For the purposes of this post, the term ‘agent‘ will refer to the combination of the robot and the artificial intelligence (AI) core which controls the robot.


This is the component which exists physically (well, virtually) in the environment.  The robot has the sensors which collect and send observations to the AI about the environment, and actuators which do things in the environment.  The robot also has equipment which must be monitored and maintained, so in a sense it’s another piece of the environment to the AI.


The robot has several components and functionality which provide a richer and more complex sensory environment to the AI.

  • E1 battery:   Provides power to movement actuators.  Robot cannot move if depleted.  Can be recharged.
  • E2 Battery:  Provides power to the AI.  If this battery runs out the AI will be put into a very undesirable quasi-standby mode.  Recharging hasn’t been worked out yet for this battery.
  • Internal Heat:   Equipment operation causes internal heat generation.  If the heat gets too high, the robot can’t use certain equipment.  Heat dissipates over time.
  • Data Port:   This is a 10-channel wireless communications port which can be connected to objects in the environment which have a data port interface such as games and chargers.  It can be used for activities such as playing data-based non-visual games such as Cart-pole or Tick-Tack-Toe, or getting information about objects such as the status of a charger while charging.  The data port can only be connected if within 2 meters of a host data port, and has to be intentionally connected and disconnected by the agent.

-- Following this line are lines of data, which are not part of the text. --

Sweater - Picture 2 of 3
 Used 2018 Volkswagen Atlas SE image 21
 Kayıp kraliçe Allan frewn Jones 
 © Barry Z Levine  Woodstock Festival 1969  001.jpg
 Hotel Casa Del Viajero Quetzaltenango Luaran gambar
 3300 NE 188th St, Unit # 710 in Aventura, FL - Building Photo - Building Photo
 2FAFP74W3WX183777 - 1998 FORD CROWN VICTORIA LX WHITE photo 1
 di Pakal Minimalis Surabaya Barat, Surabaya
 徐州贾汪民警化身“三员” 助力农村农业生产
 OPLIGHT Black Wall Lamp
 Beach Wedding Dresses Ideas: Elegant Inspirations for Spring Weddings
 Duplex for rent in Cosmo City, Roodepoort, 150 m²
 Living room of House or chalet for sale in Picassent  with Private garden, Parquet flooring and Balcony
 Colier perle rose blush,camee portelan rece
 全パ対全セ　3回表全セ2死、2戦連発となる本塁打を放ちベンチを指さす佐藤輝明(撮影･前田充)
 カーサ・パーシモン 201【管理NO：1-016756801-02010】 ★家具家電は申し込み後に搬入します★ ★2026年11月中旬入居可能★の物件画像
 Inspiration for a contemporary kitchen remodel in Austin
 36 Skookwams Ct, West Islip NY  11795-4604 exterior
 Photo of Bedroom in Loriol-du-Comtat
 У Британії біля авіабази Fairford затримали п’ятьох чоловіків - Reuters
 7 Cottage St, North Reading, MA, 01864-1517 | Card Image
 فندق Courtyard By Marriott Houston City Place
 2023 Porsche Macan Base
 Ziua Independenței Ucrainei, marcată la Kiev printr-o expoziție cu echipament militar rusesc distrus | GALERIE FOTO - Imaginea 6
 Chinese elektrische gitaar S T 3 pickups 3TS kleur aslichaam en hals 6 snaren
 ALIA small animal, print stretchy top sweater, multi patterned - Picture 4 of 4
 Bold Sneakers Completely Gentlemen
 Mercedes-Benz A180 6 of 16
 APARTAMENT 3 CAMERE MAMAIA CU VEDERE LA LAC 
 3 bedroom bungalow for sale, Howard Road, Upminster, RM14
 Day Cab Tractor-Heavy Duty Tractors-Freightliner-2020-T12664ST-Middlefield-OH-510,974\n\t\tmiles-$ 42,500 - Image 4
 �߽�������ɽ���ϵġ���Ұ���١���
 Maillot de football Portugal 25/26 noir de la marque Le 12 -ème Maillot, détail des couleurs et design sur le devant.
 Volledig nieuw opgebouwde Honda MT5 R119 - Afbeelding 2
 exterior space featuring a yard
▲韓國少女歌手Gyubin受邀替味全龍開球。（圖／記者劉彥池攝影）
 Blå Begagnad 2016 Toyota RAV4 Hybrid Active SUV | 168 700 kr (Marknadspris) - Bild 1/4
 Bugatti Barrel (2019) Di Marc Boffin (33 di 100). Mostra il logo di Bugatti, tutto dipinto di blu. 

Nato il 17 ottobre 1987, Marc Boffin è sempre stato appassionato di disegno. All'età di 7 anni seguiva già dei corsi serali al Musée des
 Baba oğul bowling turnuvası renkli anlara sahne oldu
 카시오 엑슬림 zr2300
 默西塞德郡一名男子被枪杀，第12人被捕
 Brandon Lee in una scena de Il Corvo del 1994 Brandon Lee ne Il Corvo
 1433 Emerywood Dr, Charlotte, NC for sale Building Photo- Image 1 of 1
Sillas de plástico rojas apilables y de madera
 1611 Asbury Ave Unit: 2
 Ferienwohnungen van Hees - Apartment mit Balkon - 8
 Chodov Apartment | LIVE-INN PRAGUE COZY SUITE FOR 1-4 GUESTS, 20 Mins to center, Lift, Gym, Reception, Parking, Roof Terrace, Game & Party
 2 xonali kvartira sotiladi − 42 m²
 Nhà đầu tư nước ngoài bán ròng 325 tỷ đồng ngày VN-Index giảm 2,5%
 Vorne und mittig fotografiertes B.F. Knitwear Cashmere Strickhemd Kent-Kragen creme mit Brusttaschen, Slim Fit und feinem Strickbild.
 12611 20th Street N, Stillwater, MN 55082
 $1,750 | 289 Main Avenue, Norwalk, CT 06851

The sensors send back data that the robot collects from the environment.   This data is the only form of observation the AI receives, so the agent only knows about things it can sense locally, and only in the modes listed below.  It does not have full information about the environment.  The sensors only provide information which could be reasonably collected by any modern real sensor.

  • 3-channel color camera (240 x 320 pixels)
  • 1-channel depth camera (data is similar to LIDAR)
  • Camera gimbal bearing and azimuth angle sensors (analog)
  • 3-axis GPS (analog)
  • Compass (analog)
  • Collision Sensors (not implemented yet)
  • Battery meters for the E1 and E2 batteries (analog)
  • Internal temperature sensor (analog)
  • Data port connected indicator (two-state)
  • 10-channel data port (analog)


Actuators cause something to occur in the environment, either to the robot itself or to another object, or to both.

  • Move forwards, backwards
  • Strafe left, right
  • Rotate clockwise, counter-clockwise
  • Look up/down/left/right
  • Fire Laser
  • Connect/disconnect the data port
  • Button 1, button 2, button 3

Artificial Intelligence Core

The AI core is the part that provides the intelligence to the agent.  It receives environmental sensor data from the robot, processes and learns from the information, decides how to best meet its goal, then returns actuator commands to the robot in order to interact with the environment.

It starts life knowing nothing about itself or the environment, and learns knowledge from what it observes as it tries different available actions to meet goals.  It then uses that knowledge to improve its ability to meet goals.  This is a constant cycle, as the agent is constantly learning new things as it interacts in the environment.  The agent’s ‘brain’ grows and develops over time through this process.

The very first goals are simple, and are given so that the agent will learn basic things about itself and the environment.  Once it understands how to ‘drive’ itself – what actions have what effect – it uses those skills to interact with objects in the world.  It uses new knowledge from these interactions to interact with other objects, and so on.

  • Hybrid cognitive architecture
    • Symbol-based, but uses many neural networks
    • Bottoms-up approach
  • Goal-driven
  • Non-episodic:   From startup to shutdown is one episode.  This is unlike many learning algorithms which require multiple epochs in order to learn.  The environment steps continuously through time, so the agent has to learn quickly when things happen because there’s no guarantee of a repeat.
  • Time dilation:  Not exactly, but the agent experiences one fixed time step in the environment per internal cycle.  So if the agent has something complex to figure out, it’s as if it is thinking faster than when it has something simple to figure out.  This will change in a future revision so that the environment runs at real time and the agent has to keep up.  (VR is not fun at 3 frames per second)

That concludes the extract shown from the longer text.